→ What is expected: Write the entries out again. Each one must match exactly.

→ Supplied data:
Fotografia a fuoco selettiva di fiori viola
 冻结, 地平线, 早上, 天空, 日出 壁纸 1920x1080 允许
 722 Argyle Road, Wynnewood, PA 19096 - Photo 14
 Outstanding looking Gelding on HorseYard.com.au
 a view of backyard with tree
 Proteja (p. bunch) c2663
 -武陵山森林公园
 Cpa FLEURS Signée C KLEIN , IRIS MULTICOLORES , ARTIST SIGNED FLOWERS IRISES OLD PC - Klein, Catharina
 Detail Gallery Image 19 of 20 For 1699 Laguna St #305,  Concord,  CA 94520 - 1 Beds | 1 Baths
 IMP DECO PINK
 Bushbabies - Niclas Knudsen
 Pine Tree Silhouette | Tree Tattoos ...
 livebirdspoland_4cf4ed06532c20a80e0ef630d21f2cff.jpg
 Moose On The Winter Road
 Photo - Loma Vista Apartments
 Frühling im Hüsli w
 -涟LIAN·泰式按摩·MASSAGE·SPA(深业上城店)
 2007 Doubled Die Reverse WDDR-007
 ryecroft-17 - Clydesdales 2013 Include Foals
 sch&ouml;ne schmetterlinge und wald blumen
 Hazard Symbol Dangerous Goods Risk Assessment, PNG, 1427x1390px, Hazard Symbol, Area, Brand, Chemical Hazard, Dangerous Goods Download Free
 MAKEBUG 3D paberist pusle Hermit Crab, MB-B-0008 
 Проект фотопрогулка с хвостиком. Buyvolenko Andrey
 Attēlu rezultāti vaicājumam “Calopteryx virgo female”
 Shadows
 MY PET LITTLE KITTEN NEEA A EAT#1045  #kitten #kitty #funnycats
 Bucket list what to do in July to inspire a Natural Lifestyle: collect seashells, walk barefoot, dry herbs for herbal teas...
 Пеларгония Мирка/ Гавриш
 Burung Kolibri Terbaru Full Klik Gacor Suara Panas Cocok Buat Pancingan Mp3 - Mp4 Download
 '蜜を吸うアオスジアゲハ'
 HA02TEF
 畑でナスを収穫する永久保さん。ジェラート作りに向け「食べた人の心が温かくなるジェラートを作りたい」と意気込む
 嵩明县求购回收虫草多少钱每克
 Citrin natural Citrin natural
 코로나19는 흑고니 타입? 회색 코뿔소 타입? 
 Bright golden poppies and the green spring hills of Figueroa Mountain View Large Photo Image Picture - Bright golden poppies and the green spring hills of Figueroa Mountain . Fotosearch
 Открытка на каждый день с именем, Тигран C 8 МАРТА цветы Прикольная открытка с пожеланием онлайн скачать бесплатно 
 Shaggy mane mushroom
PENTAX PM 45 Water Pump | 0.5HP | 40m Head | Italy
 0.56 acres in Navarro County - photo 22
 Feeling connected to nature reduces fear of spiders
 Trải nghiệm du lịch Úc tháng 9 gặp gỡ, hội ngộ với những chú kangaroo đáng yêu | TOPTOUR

→ Solution to this task:
Fotografia a fuoco selettiva di fiori viola
 冻结, 地平线, 早上, 天空, 日出 壁纸 1920x1080 允许
 722 Argyle Road, Wynnewood, PA 19096 - Photo 14
 Outstanding looking Gelding on HorseYard.com.au
 a view of backyard with tree
 Proteja (p. bunch) c2663
 -武陵山森林公园
 Cpa FLEURS Signée C KLEIN , IRIS MULTICOLORES , ARTIST SIGNED FLOWERS IRISES OLD PC - Klein, Catharina
 Detail Gallery Image 19 of 20 For 1699 Laguna St #305,  Concord,  CA 94520 - 1 Beds | 1 Baths
 IMP DECO PINK
 Bushbabies - Niclas Knudsen
 Pine Tree Silhouette | Tree Tattoos ...
 livebirdspoland_4cf4ed06532c20a80e0ef630d21f2cff.jpg
 Moose On The Winter Road
 Photo - Loma Vista Apartments
 Frühling im Hüsli w
 -涟LIAN·泰式按摩·MASSAGE·SPA(深业上城店)
 2007 Doubled Die Reverse WDDR-007
 ryecroft-17 - Clydesdales 2013 Include Foals
 sch&ouml;ne schmetterlinge und wald blumen
 Hazard Symbol Dangerous Goods Risk Assessment, PNG, 1427x1390px, Hazard Symbol, Area, Brand, Chemical Hazard, Dangerous Goods Download Free
 MAKEBUG 3D paberist pusle Hermit Crab, MB-B-0008 
 Проект фотопрогулка с хвостиком. Buyvolenko Andrey
 Attēlu rezultāti vaicājumam “Calopteryx virgo female”
 Shadows
 MY PET LITTLE KITTEN NEEA A EAT#1045  #kitten #kitty #funnycats
 Bucket list what to do in July to inspire a Natural Lifestyle: collect seashells, walk barefoot, dry herbs for herbal teas...
 Пеларгония Мирка/ Гавриш
 Burung Kolibri Terbaru Full Klik Gacor Suara Panas Cocok Buat Pancingan Mp3 - Mp4 Download
 '蜜を吸うアオスジアゲハ'
 HA02TEF
 畑でナスを収穫する永久保さん。ジェラート作りに向け「食べた人の心が温かくなるジェラートを作りたい」と意気込む
 嵩明县求购回收虫草多少钱每克
 Citrin natural Citrin natural
 코로나19는 흑고니 타입? 회색 코뿔소 타입? 
 Bright golden poppies and the green spring hills of Figueroa Mountain View Large Photo Image Picture - Bright golden poppies and the green spring hills of Figueroa Mountain . Fotosearch
 Открытка на каждый день с именем, Тигран C 8 МАРТА цветы Прикольная открытка с пожеланием онлайн скачать бесплатно 
 Shaggy mane mushroom
PENTAX PM 45 Water Pump | 0.5HP | 40m Head | Italy
 0.56 acres in Navarro County - photo 22
 Feeling connected to nature reduces fear of spiders
 Trải nghiệm du lịch Úc tháng 9 gặp gỡ, hội ngộ với những chú kangaroo đáng yêu | TOPTOUR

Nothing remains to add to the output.